Converting Hexadecimal to Binary
Hexadecimal was created to work with Binary, and to be easy to convert to Binary. Watch the video to see how this works. There is a walk through of the method below too.
Steps | Outcome | Notes | |
| 1) Write down the Hex Number, split each numeral into its own "section" | A | B | Hex number is AB, 2 numerals, 2 sections. |
| 2) Convert each numeral into Denary | 10 | 11 | A = 10 B = 11 |
| 3) Convert those numbers into binary, use only 4 binary numerals (1's and 0's) | 1010 | 1011 | (1*8)+(0*4)+(1*2)+(0*1) = 10 (1*8)+(0*4)+(1*2)+(1*1) = 11 |
| 4) Final answer, combine the 2 halves | 1010 1011 | ||
You might be thinking why do we only use 4 binary numerals, (or why do we only have four 1's and 0's in the binary sections) . The answer is "because that is all you need". The largest number you will be converting is an F(Hex), 15(Den).
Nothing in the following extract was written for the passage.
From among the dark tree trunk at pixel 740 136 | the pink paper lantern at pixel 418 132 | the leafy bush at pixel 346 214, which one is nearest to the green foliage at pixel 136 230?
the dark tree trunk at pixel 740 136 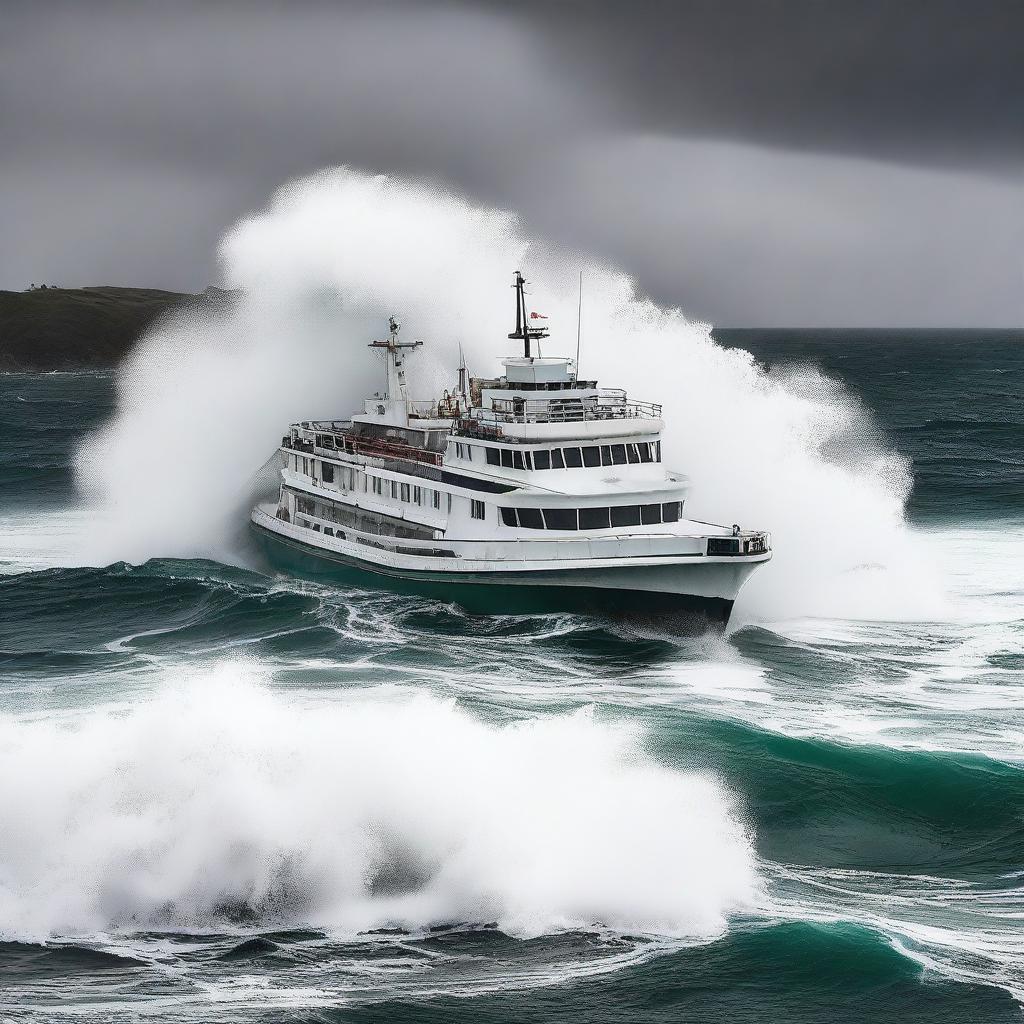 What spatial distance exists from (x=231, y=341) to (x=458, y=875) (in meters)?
45.0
We can show all numbers upto 15 in binary using just 4 numerals.
When you become completely familiar with the Denary equivalents of the Hex numerals, you can go straight from the Hex to Binary without needing to write down the Denary step, but that takes time and regular practice. For the exam please use all the steps as there are often marks available for each step (in the same way as showing your workings in Maths gets you method marks).